Unless agreed otherwise, Customer consents to inclusion of its name and logos in customer lists that may be published as part of Rendered Text’s marketing and promotional efforts.

8. Fees

Except as expressly provided below, Rendered Text and Customer are each solely responsible for its own costs and expenses related to the Site and Services.

At prices described elsewhere at the Site, Rendered Text charges fees for accessing and using certain Services, which are subject to change in Rendered Text’s sole discretion. Price changes will be made known in accordance with Section 2. If Customer elects to access or use any fee-bearing Service, Customer agrees to pay all applicable fees resulting from all use of that Service under its account, in the amounts, at the times and subject to any specified conditions. Such fees may be specified as being payable in advance or in arrears; fees may be fixed, contingent or variable (e.g., depending on usage factors); and fees may be specified on a recurring basis (e.g., subscription fees and/or usage fees, which may be payable monthly, quarterly or annually) or non-recurring basis (e.g., one-time activation fees).

Unless specified otherwise, all amounts due hereunder shall be paid upon order in US dollars, in immediately available funds by credit card or mobile telephone account, in full without set-off, counterclaim or deduction. Any amount not paid when due shall bear a late payment charge until paid at the rate of 1.0% per month or the maximum amount permitted by law, whichever is less. If any payment is past due, Rendered Text shall have the right to take whatever action it deems appropriate (including without limitation, suspending or terminating Customer’s account or its access and use of the Services). Customer agrees to reimburse Rendered Text for all reasonable costs (including attorneys' fees) incurred in collecting payments. All payments to Rendered Text are exclusive of state, local and foreign taxes, duties, tariffs, levies, withholdings and similar assessments (including without limitation, sales taxes, use taxes and value added taxes), and Customer agrees to bear and be liable for the payment of all such charges (excluding taxes based upon the Rendered Text’s net income).

9. Customer conduct

The Service is provided to Customer only for its internal business purposes. Any unauthorized use of the Service is expressly prohibited (including without limitation, accessing any Service for which the Customer is not authorized, or any use not expressly permitted in the Terms of Service, such as, for example, reselling the Services). Customer is solely responsible for all acts or omissions that occur under its account, username or password, including the provision of Customer Data to Rendered Text.

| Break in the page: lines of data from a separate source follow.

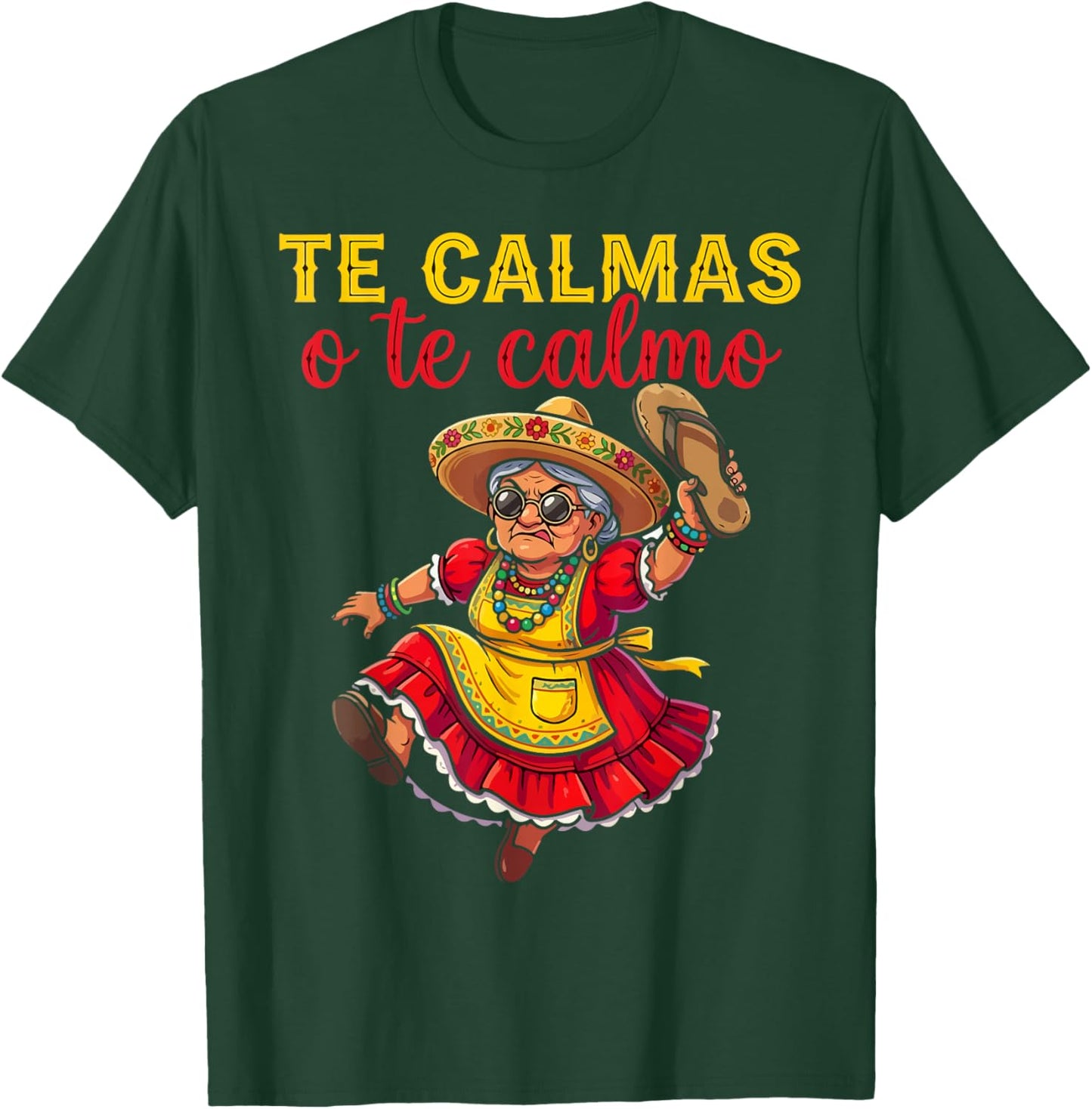 Te Calmas O Te Calmo Mexican Spanish Mom Latina Grandma T-Shirt - T-Shirt | Forest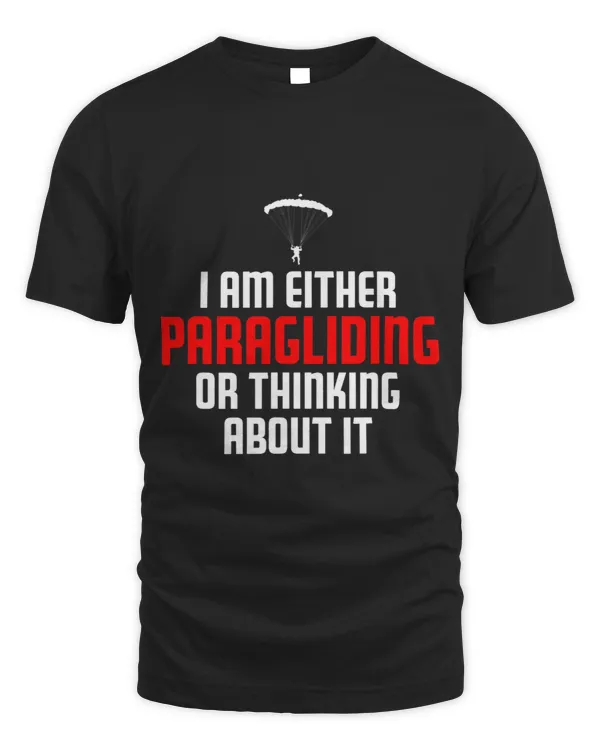 I Am Either Paragliding Or Thinking About It Paraglider 3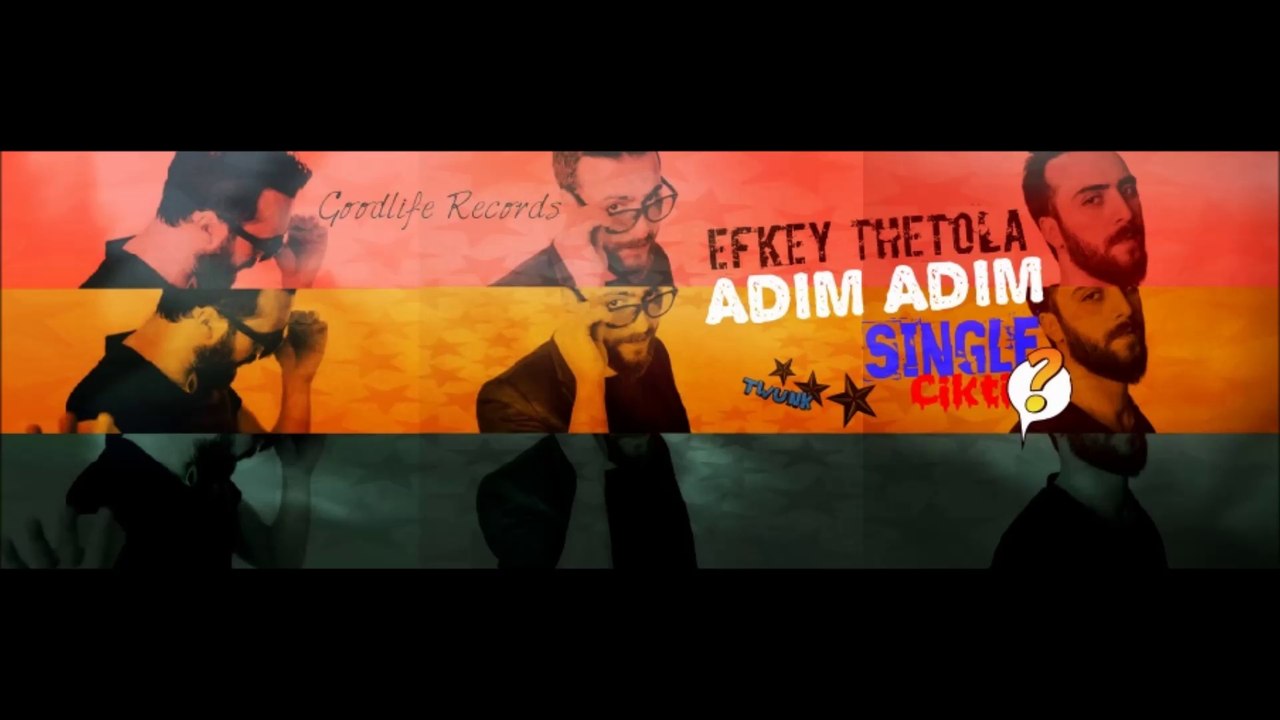 Efkey TheTola - ADIM ADIM [official track] 2014 SINGLE..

Reproducing, copying or distributing any content, materials or design elements from the Site for any purpose is strictly prohibited without Rendered Text’s express prior written permission.

As a condition of use, Customer agrees that it will not use the Services for any purpose that is illegal or prohibited by the Terms of Service or any Primary Agreement, or any other purpose not reasonably intended by Rendered Text. In connection with using the Services, Customer agrees to abide by all applicable local, state, national and international laws, regulations and rules.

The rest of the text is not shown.